In clinical practice, use of glucocorticoids for patients with CAP remains controversial, with some studies showing a benefit in clinical outcomes and other studies showing no effect. A recent meta-analysis of trials in pneumonia (3), reported significant heterogeneity in terms of both patient characteristics and type of glucocorticoids used and found an uncertain effect on mortality.
The novelty of this proposal is in its primary end-point, i.e. myocardial damage, as expressed as increased levels of hs-cTnT during the hospitalization phase. To this purpose, hs-cTnT will be serum hs-cTnT will be repeated every 12 hours up to 72 hours and every 24 hours thereafter until discharge. Preliminary retrospective data suggest a possible reduction of myocardial injury in CAP patients treated with corticosteroids.
Another important novelty concerns the type of glucocorticoid, as prednisolone and its derivative methylprednisolone could have an exquisite anti-platelet effect, not shared by other glucocorticoids (4)
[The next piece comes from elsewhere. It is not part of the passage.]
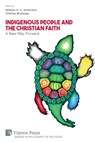 Indigenous People and the Christian Faith - William H U Anderson ; Charles Muskego - 9781622739318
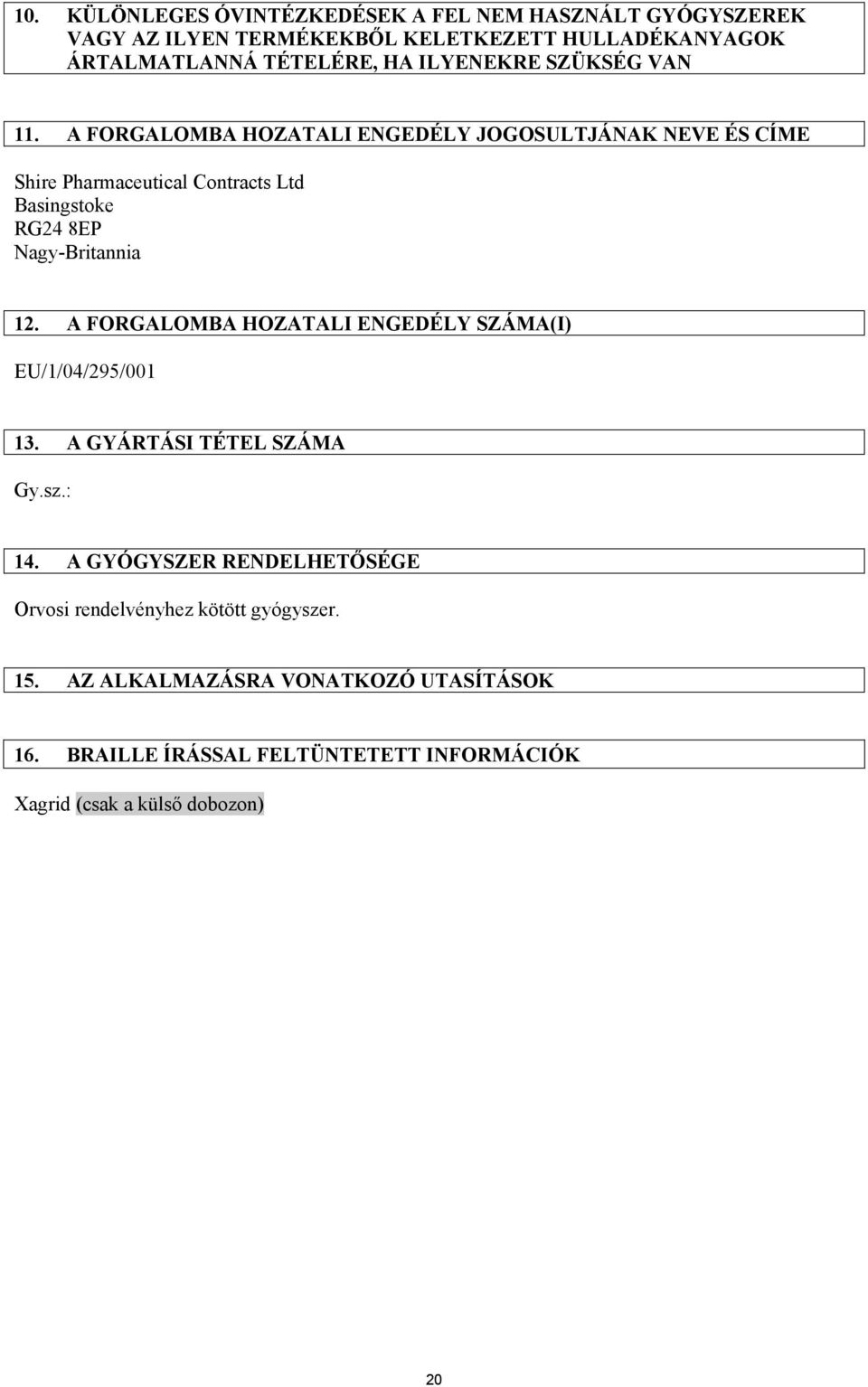 A FORGALOMBA HOZATALI ENGEDÉLY JOGOSULTJÁNAK NEVE ÉS CÍME Shire Pharmaceutical Contracts Ltd Basingstoke RG24 8EP Nagy-Britannia 12.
The possible impact on clinical practice is meaningful because pneumonia is one of the most important cause of death in elderly patients in our country; moreover, the costs of the proposed treatment is very low because it consists in an inexpensive and well-known drug, the treatment will last no more than 7 days (only during the intra-hospital stay).
Possible side effects of such short-term treatments can be considered negligible as shown by different RCTs (5).
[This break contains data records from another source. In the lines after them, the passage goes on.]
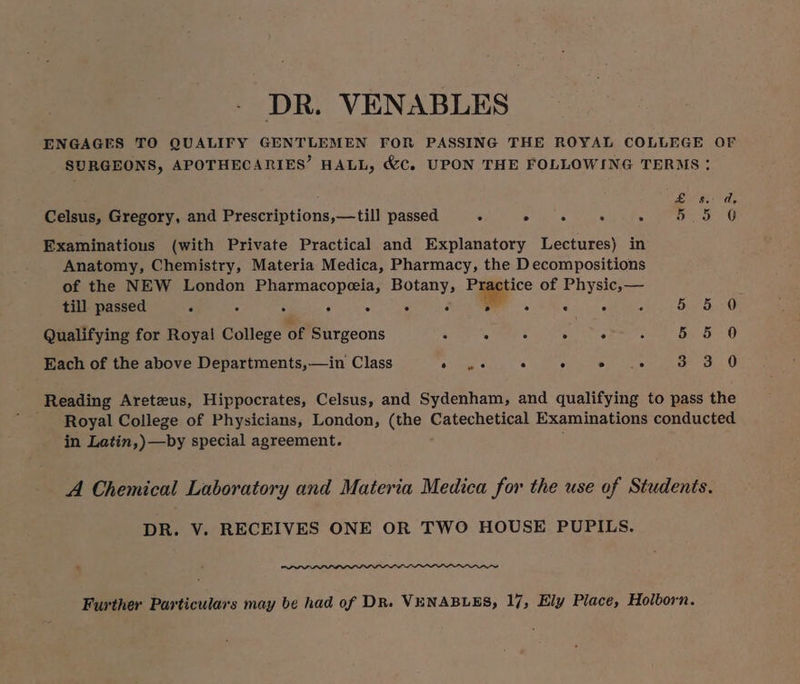 DR. VENABLES ENGAGES TO QUALIFY GENTLEMEN FOR PASSING THE ROYAL COLLEGE OF SURGEONS, APOTHECARIES’ HALL, &C. UPON THE FOLLOWING TERMS: ; see ae) le Celsus, Gregory, and Prescriptions,—till passed ° Es . RR pe Examinations (with Private Practical and Explanatory Lectures) in Anatomy, Chemistry, Materia Medica, Pharmacy, the Decompositions of the NEW London ee aa a of Physic,— till passed é 5 ° . sh obs Qualifying for Royal ee, of Be conta . . . . ° 4 5 5 Each of the above Departments,—in Class aicenes . 5 eas oe OL O Reading Areteus, Hippocrates, Celsus, and Sydenham, and qualifying to pass the Royal College of Physicians, London, (the Catechetical Examinations conducted in Latin,)—by special agreement. : A Chemical Laboratory and Materia Medica for the use of Students. DR. V. RECEIVES ONE OR TWO HOUSE PUPILS. Further Particulars may be had of DR. VENABLES, 17, Ely Place, Holborn.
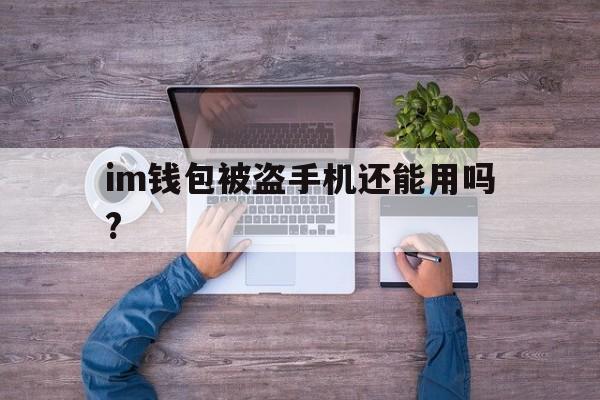 im钱包被盗手机还能用吗?-imtoken钱包被盗 转移到陌生地址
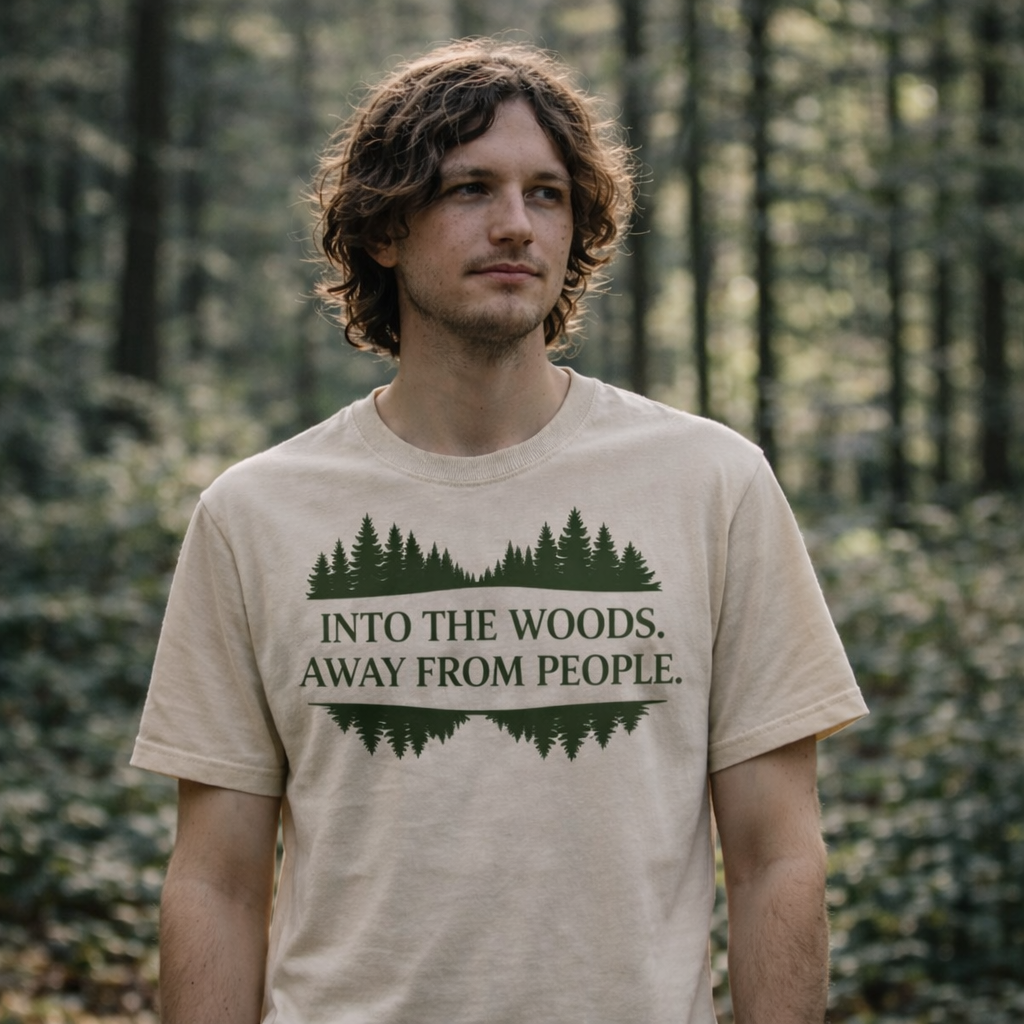 Into the Woods Away From People T-Shirt – Forest Escape Tee
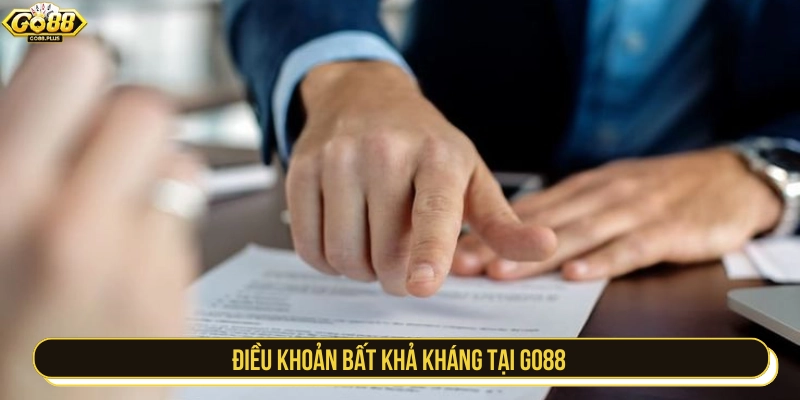 Điều khoản bất khả kháng khi tham gia GO88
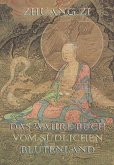Dschuang Dsi - Das wahre Buch vom südlichen Blütenland (eBook, ePUB)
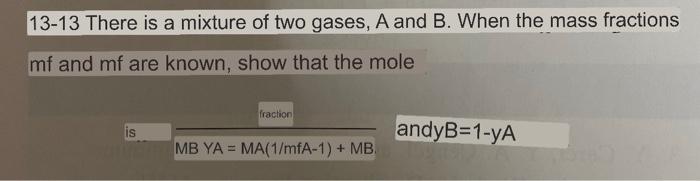 Solved 13−13 There is a mixture of two gases, A and B. When | Chegg.com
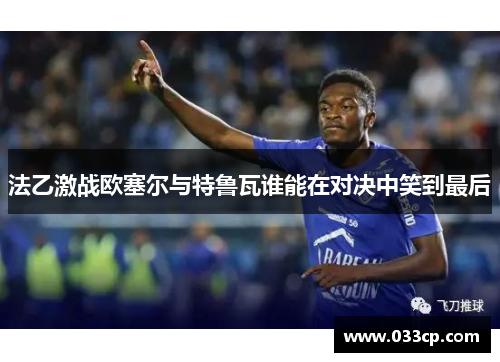 法乙激战欧塞尔与特鲁瓦谁能在对决中笑到最后
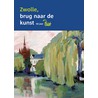 Zwolle brug naar de kunst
In conclusion, we will test the hypothesis that a short-term in-hospital treatment with glucocorticoids could be beneficial in reducing the increased risk of myocardial injury and possibly cardiovascular events in patients hospitalized CAP. These results might have important clinical relevance as myocardial injury an in-hospital cardiovascular events are associated with poor outcomes in short- and long-term follow-up.
References
1. Vestjens SM, Spoorenberg SM, Rijkers GT, Grutters JC, Ten Berg JM, Noordzij PG, Van de Garde EM, Bos WJ, Ovidius Study G. High-sensitivity cardiac troponin T predicts mortality after hospitalization for community-acquired pneumonia. Respirology 2017.
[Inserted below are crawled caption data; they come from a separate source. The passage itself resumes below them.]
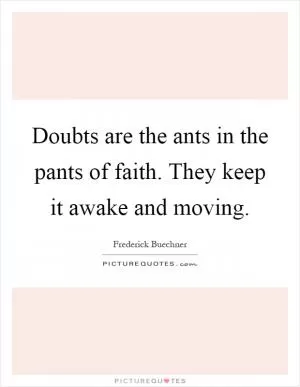 Doubts are the ants in the pants of faith. They keep it awake and moving Picture Quote #1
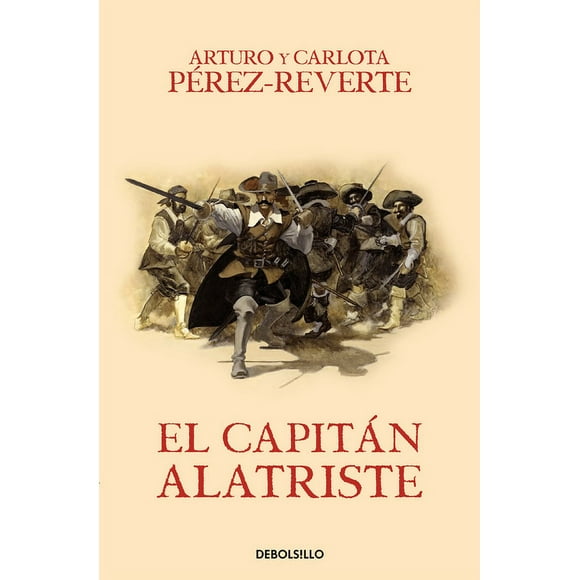 Las aventuras del Capitn Alatriste: El capitn Alatriste / Captain Alatriste (Series #1) (Paperback)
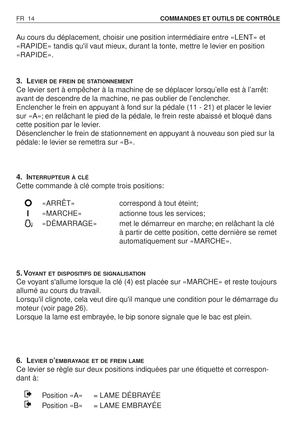 Page 15Au cours du déplacement, choisir une position intermédiaire entre «LENT» et
«RAPIDE» tandis quil vaut mieux, durant la tonte, mettre le levier en position
«RAPIDE».
3. L
EVIER DE FREIN DE STATIONNEMENT
Ce levier sert à empêcher à la machine de se déplacer lorsqu’elle est à l’arrêt:
avant de descendre de la machine, ne pas oublier de l’enclencher.
Enclencher le frein en appuyant à fond sur la pédale (11 - 21) et placer le levier
sur «A»; en relâchant le pied de la pédale, le frein reste abaissé et bloqué...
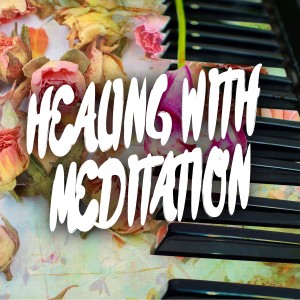 收聽Healing with Meditation Music的Uncover a Hidden Memory歌詞歌曲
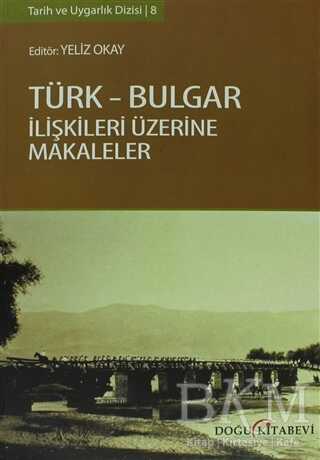 Türk-Bulgar İlişkileri Üzerine Makaleler - 1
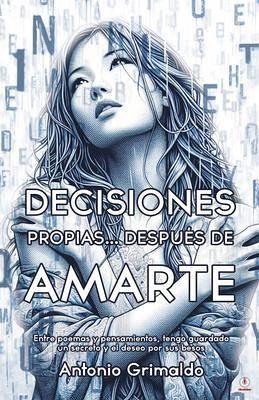 Decisiones Propias... Después De Amarte (eBook, ePUB) Decisiones Propias... Después De Amarte (eBook, ePUB)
2. Cangemi R, Calvieri C, Falcone M, Bucci T, Bertazzoni G, Scarpellini MG, Barilla F, Taliani G, Violi F, Group SS. Relation of Cardiac Complications in the Early Phase of Community-Acquired Pneumonia to Long-Term Mortality and Cardiovascular Events. Am J Cardiol 2015; 116: 647-651.
3. Chen Y, Li K, Pu H, Wu T. Corticosteroids for pneumonia. The Cochrane database of systematic reviews 2011: CD007720.
4. Liverani E, Banerjee S, Roberts W, Naseem KM, Perretti M. Prednisolone exerts exquisite inhibitory properties on platelet functions. Biochemical pharmacology 2012; 83: 1364-1373.
5. Wan YD, Sun TW, Liu ZQ, Zhang SG, Wang LX, Kan QC. Efficacy and Safety of Corticosteroids for Community-Acquired Pneumonia: A Systematic Review and Meta-Analysis. Chest 2016; 149: 209-219.